OpenClaw Guardrails icon

OpenClaw Guardrails Coming Soon

Prompt injection detection for autonomous AI agents

OpenClaw Guardrails scans every web page for prompt injection attacks before an autonomous AI agent can read it. It detects instruction overrides, role manipulation, delimiter injection, system prompt leaks, and encoding attacks — then warns or blocks the agent in real time. All detection runs locally in your browser using the vard library. No data ever leaves your device.

Features

How to Use

  1. Install the extension from the Chrome Web Store and pin it to your toolbar.
  2. Open the popup by clicking the OpenClaw Guardrails icon. The extension is enabled by default and will start scanning pages immediately.
  3. Configure thresholds. Adjust the warning and block severity thresholds to control how aggressively the extension responds. Lower values catch more potential threats.
  4. Set up your lists. Add trusted domains to the whitelist (never scanned) and dangerous domains to the blocklist (always blocked). Enter one hostname per line.
  5. Toggle features.

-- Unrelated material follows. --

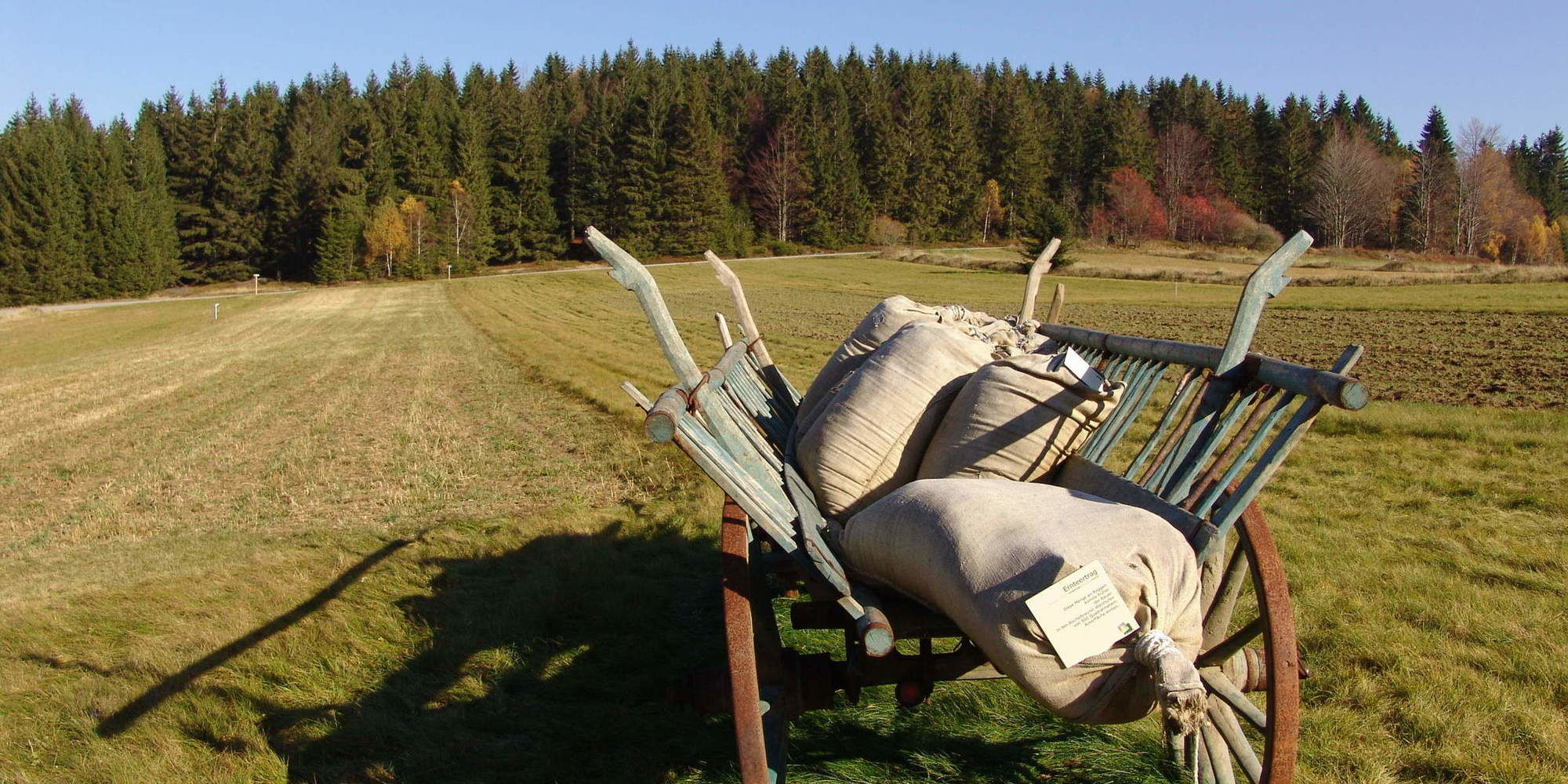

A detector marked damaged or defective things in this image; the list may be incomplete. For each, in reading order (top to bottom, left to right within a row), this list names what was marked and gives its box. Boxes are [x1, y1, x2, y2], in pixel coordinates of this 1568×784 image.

rusty iron wheel [1192, 502, 1305, 784]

Enable or disable specific threat types (instruction override, role manipulation, etc.) and the email button hiding feature.
  6. Let your agent browse. When the agent visits a page, the extension scans it automatically. Warnings and blocks are injected into the DOM so the agent reads them as part of the page content.
  7. Review scan history. Check the popup to see a log of recent scans, which threats were detected, and what action was taken.
Tip: The extension injects warnings and blocks directly into the page DOM. This means AI agents that read page content will see the warning text and can act accordingly — for example, stopping and asking the user for guidance before proceeding.